Write out all entries word for word.

--

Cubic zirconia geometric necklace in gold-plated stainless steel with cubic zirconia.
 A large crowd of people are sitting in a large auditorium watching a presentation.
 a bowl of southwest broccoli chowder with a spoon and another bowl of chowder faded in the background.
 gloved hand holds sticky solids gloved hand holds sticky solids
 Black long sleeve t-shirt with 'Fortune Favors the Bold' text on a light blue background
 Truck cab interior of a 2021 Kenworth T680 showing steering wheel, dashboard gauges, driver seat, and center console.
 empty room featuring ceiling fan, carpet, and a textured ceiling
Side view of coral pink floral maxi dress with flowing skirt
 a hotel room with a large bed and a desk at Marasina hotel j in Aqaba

--

SOLUTION TO THE EXERCISE:
Cubic zirconia geometric necklace in gold-plated stainless steel with cubic zirconia.
 A large crowd of people are sitting in a large auditorium watching a presentation.
 a bowl of southwest broccoli chowder with a spoon and another bowl of chowder faded in the background.
 gloved hand holds sticky solids gloved hand holds sticky solids
 Black long sleeve t-shirt with 'Fortune Favors the Bold' text on a light blue background
 Truck cab interior of a 2021 Kenworth T680 showing steering wheel, dashboard gauges, driver seat, and center console.
 empty room featuring ceiling fan, carpet, and a textured ceiling
Side view of coral pink floral maxi dress with flowing skirt
 a hotel room with a large bed and a desk at Marasina hotel j in Aqaba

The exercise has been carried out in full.